Pas mal, non ? Le style m’a rappelé Femmes d’Aujourd’hui dans les années soixante (je sais, avant même mes dix ans je lisais tout ce qui me tombait sous la main), magazine qui proposait de grosses nouvelles ou des « romans à suivre ». Pas de mots difficiles, pas de provocation politique/raciale/ou quoi que ce soit du genre (pas de genre donc : nous n’aurons sans doute pas droit en septième volume à une sœur trans). Ni style ni personnalité : 15 millions de lecteurs dit l’éditeur. Ni kitsch, ni énervant, juste terriblement vide.

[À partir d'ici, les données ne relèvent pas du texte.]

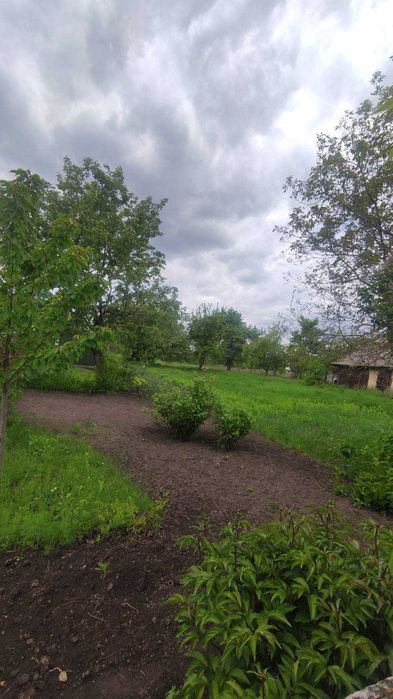 Продаж земельної ділянки в с. Слобода, Обухівський (Кагарлицький) р-н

La Dernière allumette, Marie Vareille, éditions Charleston, mars 2024, 336 pages, 20,90 €
Enfin un vrai nanar ! Un nanar sympa, évoquant (non, utilisant) un grand problème du moment : la maltraitance familiale. Pourquoi sympa ? Parce que Marie Vareille n’aura jamais de prix de la rentrée littéraire, ou un Nobel, et ne donnera pas d’interviews sur les transfuges de classe ou sa haine de papa/maman. Parce qu’elle ne nous donne pas de grandes leçons, parce qu’elle ne toise ou ne méprise personne. Parce qu’elle ne règle aucun compte. Pourquoi nanar ? Parce que c’est écrit à la tondeuse à gazon, ça tourne, spirale, racle et fait du marche avant/marche arrière ; parce qu’on y trouve de tout, un vrai caddie de chez Noz un jour faste. On reconnaît dans la narration les petites fiches bien construites, la construction réfléchie (une grille peut-être ?), les surprises soigneusement amenées. A nous les clubs de lecture ! Les ateliers d’écriture ! Narration partagée entre petite fille (un « avant » en italiques – daté – et un « maintenant ») et psychiatre. Avec un twist, il faut toujours un twist. Les personnages amènent chacun son propre réservoir d’informations (les fiches, les fiches) ; et les blocs temporels s’approchent peu à peu de la résolution finale par un emboîtement précis. Bon, d’accord, aller de 91 à 95 c’est pas si compliqué, mais l’animatrice de l’atelier l’a bien dit : il faut rester simple. Et puis on met un deuxième twist. Qui ne porte PAS sur le même objet ! Trop fort ! Et on introduit (gentiment) un peu de fantastique urbain ou enfantin, ou… enfin bref, du gentil. Un colibri par exemple. Et une goutte de noirceur. Faudrait pas oublier le sujet. On mettra d’ailleurs en fin d’ouvrage un numéro à contacter en cas de besoin. Et des remerciements. Le style ? Va du très mauvais (les premières pages des cahiers de la petite fille au gros cui, qui se plantent totalement) au quelconque (la plupart du temps), en passant par le nunuche (l’amouuur) et le mal maîtrisé (les scènes plus rapides/la révélation finale). Pour conclure, si vous aimez les lithographies de petits poulbots vendues en bas de Montmartre, c’est un bon bouquin. Je l’ai lu à cause du bandeau « L’auteur au million de lecteurs », bien sûr.